This is a clone of OpenAI's Spinning Up in PyTorch. Spinning Up is an awesome educational resource produced by Josh Achiam, a research scientist at OpenAI, that makes it easier to learn about deep reinforcement learning (deep RL).
Fired Up requires Python3, PyTorch, OpenAI Gym, and OpenMPI.
Fired Up is currently only supported on Linux and OSX. It may be possible to install on Windows, though I haven't tested this OS.
We recommend installing Python through Anaconda. Anaconda is a Python distribution that includes many useful packages especially for scientific computing, as well as an environment manager called conda
that makes package management simple.
Download and install Anaconda 2018.x (at time of writing, 2018.12) Python 3.7. Then create a conda
environment for organizing packages used in Fired Up:
conda create -n firedup python=3.7
To use Python from the environment you just created, activate the environment with:
source activate firedup
You can alternatively use virtualenv with the Python3 version you have. Just install it via pip3
and then:
virtualenv firedup
To activate this virtual environment you need to:
source /path/to/firedup/bin/activate
sudo apt update && sudo apt install libopenmpi-dev
Installation of system packages on Mac requires Homebrew.

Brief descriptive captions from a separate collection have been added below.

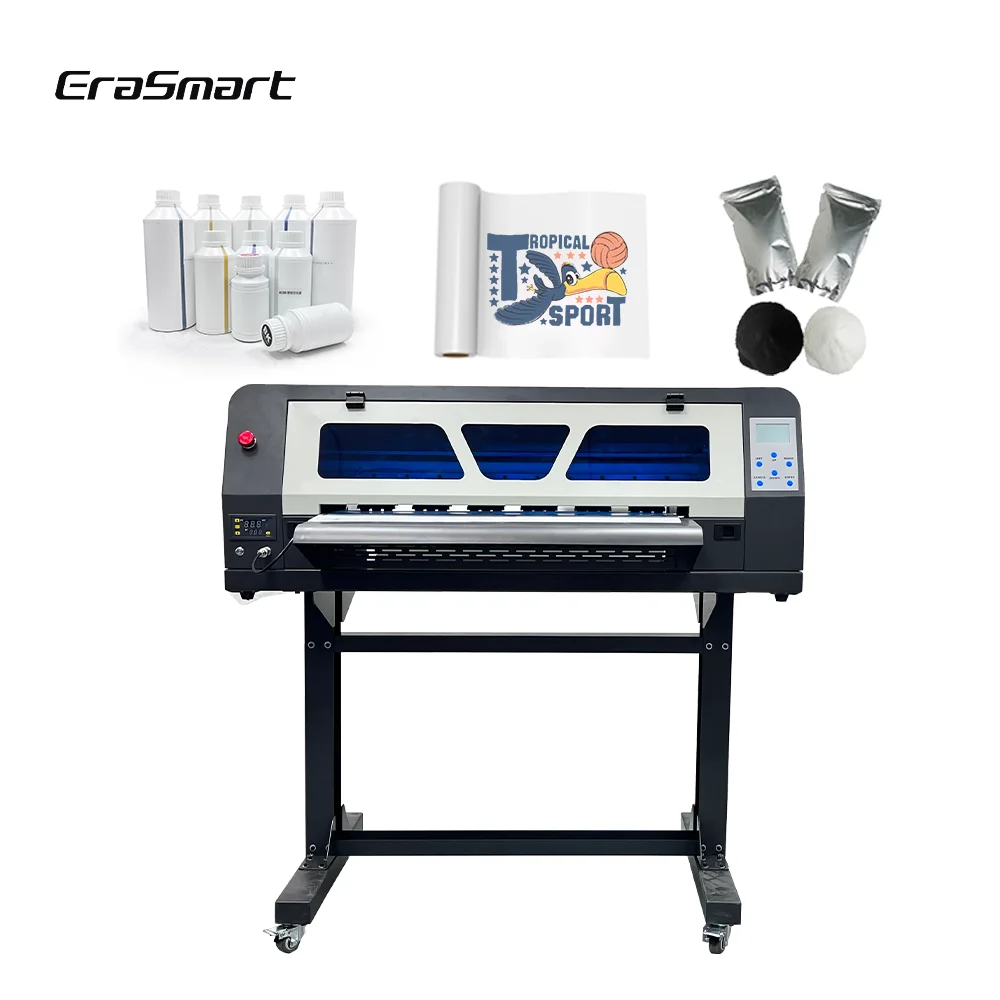 dtf printer 50cm 60cm dtf double xp600 print head with powder shaker machine for t-shirt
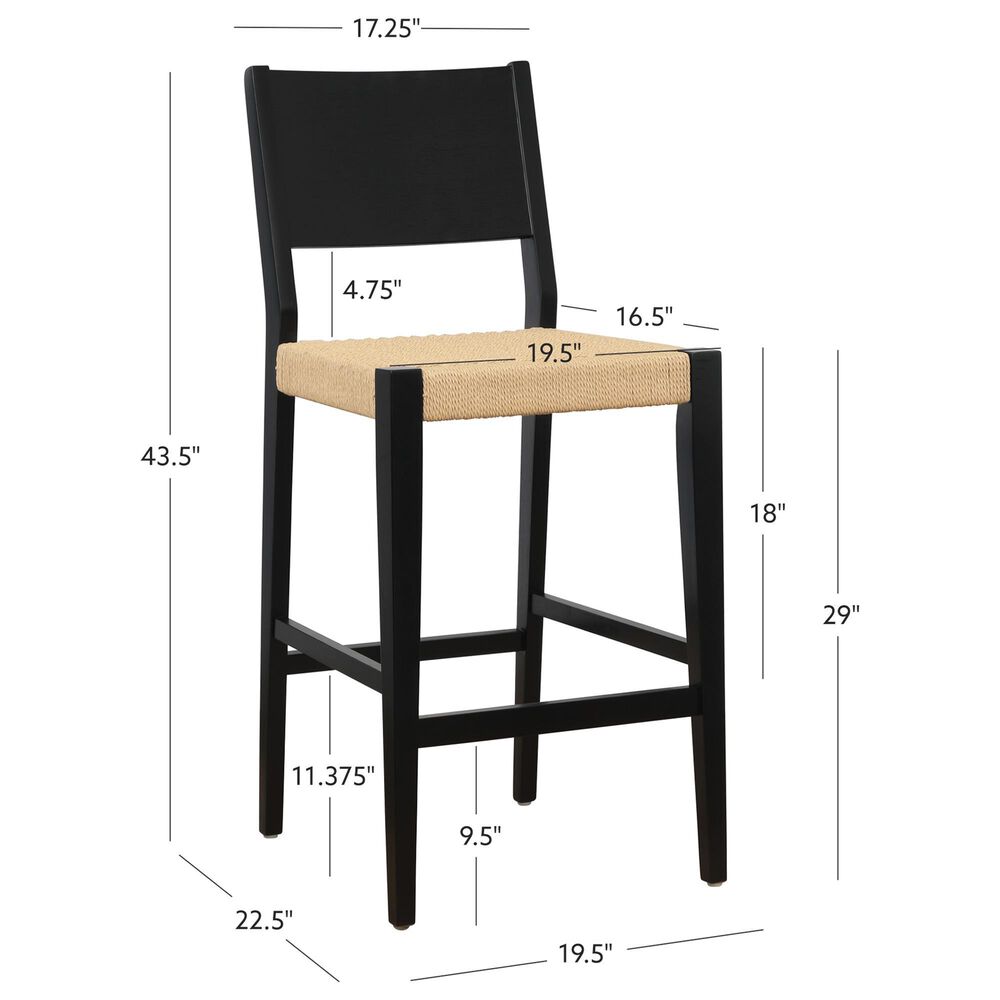 Linon Home Decor Cadence Bar Stool in Matte Black and Natural (Set of 2), , large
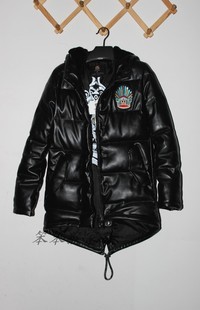  冬季新款paul frank大嘴猴正品 连帽长款羽绒服女 加厚125601包邮
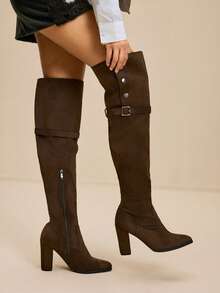 Daringsoles Giày bốt cao đến đầu gối đế dày, đa năng, phù hợp cho nữ, thích hợp đi làm. - Nâu rỉ sét - Xem 5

With Homebrew installed, run the following:
brew install openmpi
git clone https://github.com/kashif/firedup.git
cd firedup
pip install -e .
Fired Up defaults to installing everything in Gym except the MuJoCo environments.

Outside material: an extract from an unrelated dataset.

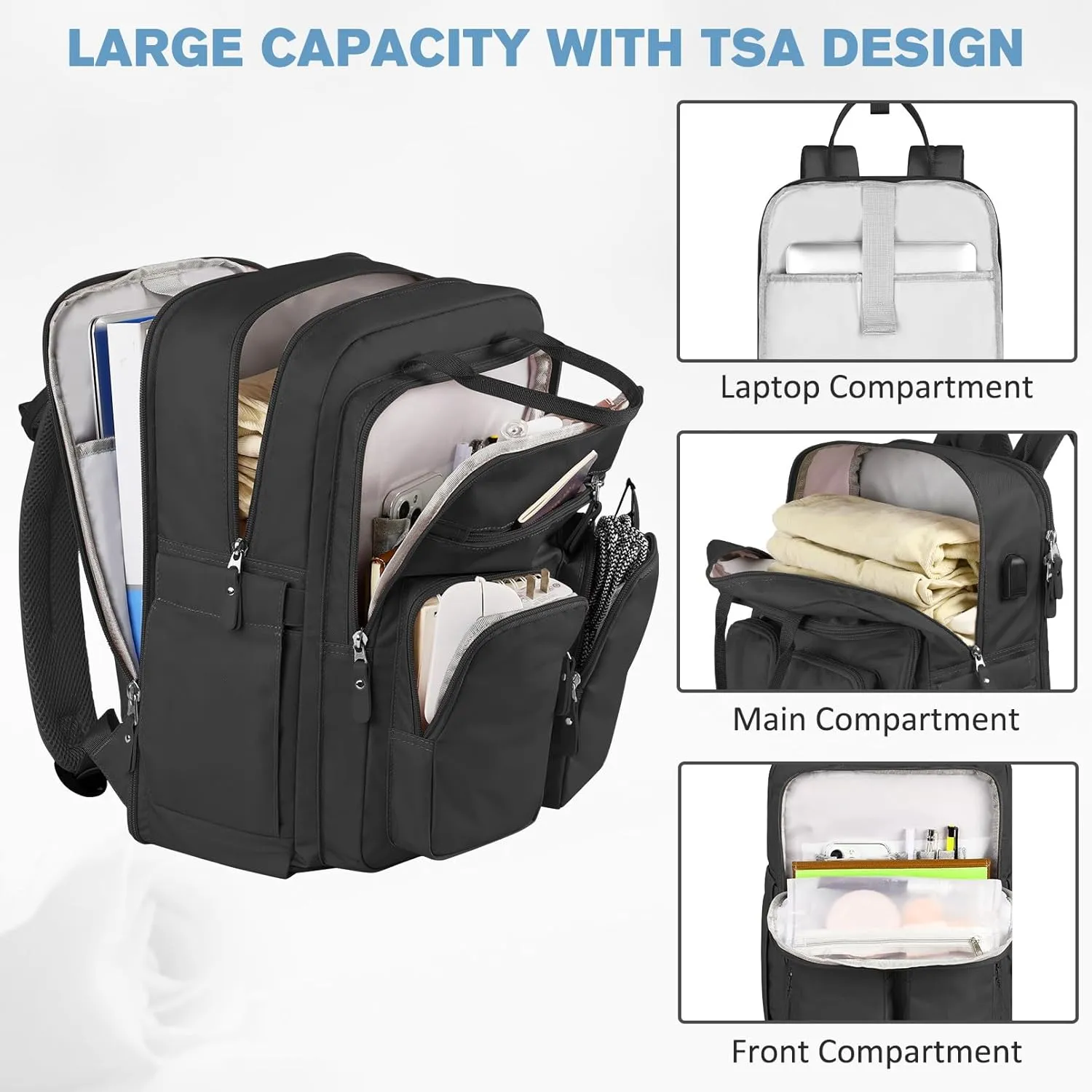 Mancro Travel Backpack for Women with TSA Laptop Compartment, 15.6 Inch Laptop Backpack with USB Charging Port and Dry-Wet Pocket, Fashion Computer Backpack for Women, Black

To see if you've successfully installed Fired Up, try running PPO in the LunarLander-v2
environment with:
python -m fireup.run ppo --hid "[32,32]" --env LunarLander-v2 --exp_name installtest --gamma 0.999
After it finishes training, watch a video of the trained policy with:
python -m fireup.run test_policy data/installtest/installtest_s0
And plot the results with:
python -m fireup.run plot data/installtest/installtest_s0
The following algorithms are implemented in the Fired Up package:
- Vanilla Policy Gradient (VPG)
- Trust Region Policy Optimization (TRPO)
- Proximal Policy Optimization (PPO)
- Deep Q-Network (DQN)
- Deep Deterministic Policy Gradient (DDPG)
- Twin Delayed DDPG (TD3)
- Soft Actor-Critic (SAC)
They are all implemented with MLP (non-recurrent) actor-critics, making them suitable for fully-observed, non-image-based RL environments, e.g. the Gym Mujoco environments.